If in doubt, take a digital picture of things before you take it apart. I use this trick when I'm working on unfamiliar equipment, and it has helped me get the correct wires back into the correct connectors innumerable times.

At this point I will advise you against taking it to a gun shop or gun smith for evaluation. I'm not saying everyone out there is a snake, but it is better to err on the side of caution. What you have may in fact be extremely valuable, or extremely illegal depending on where you live. It will be best for you to figure out what you have before you have someone look at it to see if it is safe to fire.

Over there on the right in the "File Of The Day" section is a gem of a book I found squirreled away on an FTP site. I've moved it over to a more easily accessible download site.

This gem was published in 1943, by the Military Service Publishing Company. So, as one can guess, this book covers arms manufactured only up to this point. It covers everything from handguns to heavy machineguns, and has photographs of the assembly and disassembly of the weapon.

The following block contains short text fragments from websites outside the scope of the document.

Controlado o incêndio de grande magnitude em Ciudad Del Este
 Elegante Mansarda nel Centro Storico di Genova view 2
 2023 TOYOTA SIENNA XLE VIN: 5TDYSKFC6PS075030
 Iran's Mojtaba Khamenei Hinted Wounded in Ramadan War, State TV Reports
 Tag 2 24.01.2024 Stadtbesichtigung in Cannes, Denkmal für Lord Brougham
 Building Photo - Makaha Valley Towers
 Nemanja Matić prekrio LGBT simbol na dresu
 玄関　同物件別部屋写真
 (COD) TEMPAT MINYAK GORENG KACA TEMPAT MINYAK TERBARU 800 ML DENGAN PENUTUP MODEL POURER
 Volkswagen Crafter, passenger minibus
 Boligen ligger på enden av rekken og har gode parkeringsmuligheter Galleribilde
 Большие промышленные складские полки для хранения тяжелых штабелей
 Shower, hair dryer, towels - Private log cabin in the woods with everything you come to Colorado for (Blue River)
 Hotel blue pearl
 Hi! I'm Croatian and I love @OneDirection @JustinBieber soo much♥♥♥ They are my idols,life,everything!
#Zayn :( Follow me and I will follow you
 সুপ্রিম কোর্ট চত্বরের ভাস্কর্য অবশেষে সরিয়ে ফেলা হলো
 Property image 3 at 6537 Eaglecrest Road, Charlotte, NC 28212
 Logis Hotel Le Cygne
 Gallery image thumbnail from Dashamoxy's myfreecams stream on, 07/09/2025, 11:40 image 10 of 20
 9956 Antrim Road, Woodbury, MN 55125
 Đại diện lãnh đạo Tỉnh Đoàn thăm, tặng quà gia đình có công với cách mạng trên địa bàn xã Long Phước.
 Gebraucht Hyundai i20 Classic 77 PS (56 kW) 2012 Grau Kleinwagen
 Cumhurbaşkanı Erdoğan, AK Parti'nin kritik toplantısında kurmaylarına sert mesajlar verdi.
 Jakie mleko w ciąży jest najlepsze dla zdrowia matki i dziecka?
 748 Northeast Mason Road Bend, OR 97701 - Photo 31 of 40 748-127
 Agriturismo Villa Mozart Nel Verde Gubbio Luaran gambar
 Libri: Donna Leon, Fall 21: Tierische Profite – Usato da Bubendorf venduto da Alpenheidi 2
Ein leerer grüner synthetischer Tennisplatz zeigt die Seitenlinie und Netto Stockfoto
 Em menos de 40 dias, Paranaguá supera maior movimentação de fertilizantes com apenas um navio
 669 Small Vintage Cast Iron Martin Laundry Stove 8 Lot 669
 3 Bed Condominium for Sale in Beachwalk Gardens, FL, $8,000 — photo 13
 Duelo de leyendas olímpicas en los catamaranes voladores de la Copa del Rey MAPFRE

If you don't see your weapon pictured in this book, look for anything that could give you a clue to a country of manufacture, and a date stamp. You may have to make a trip to a library to do more research on your particular piece. I don't know of an online gun museum, but if someone does have a link to one that has photos, please let us all know.

Once you've figured out what you have, you can determine its approximate value, and whether or not ammunition for it is still available. If at this point, you decide you want to use it as your home defense weapon, please have a qualified gunsmith inspect before you fire it.


HermitJim said...

Very good post, my man! The information is much needed for those that have had minimal or no dealings with a fire arm, and with the folks that deal with them for profit.

You hit the nail on the head with the thought that the best weapon is the one you have available!

Good post!

ErinAndBrad said...

Sorry to say that we should all get weapons while we still can and get to know them! Great post Cat! Say Hi to Fel. for me

Bullseye said...

Great post Catman, I have a British 303 cal that was made in 1942 and will be looking to see if it's in there. I know it like the back of my hand but would still like to have it on paper for when I'm gone and another needs it. It's been a good'n too. I have taken 7 deer with it that I can remember and 1 Turkey, not bad for a gun that is near 70 years old. Good stuff Brother.

Catman said...

Very cool, Bullseye. I have an Ishapur Arsenal Enfield (.308) and I absolutely love it. For those who may not know, the one's made at the Ishapur Arsenal were originally chambered for .308. Sometimes you will see Enfields stamped .308 WIN, and those are often re-bored .303s.

The best $90.00 dollars I ever spent. I couldn't justify the money for a high dollar bolt action, but in my opinion this is just as good.

I bought it when they first became available, and lucked out to get one that had a flawless bore.

Ernie, Felinae waves back at you.

Jim, thanks for the kind words and support. It is much appreciated.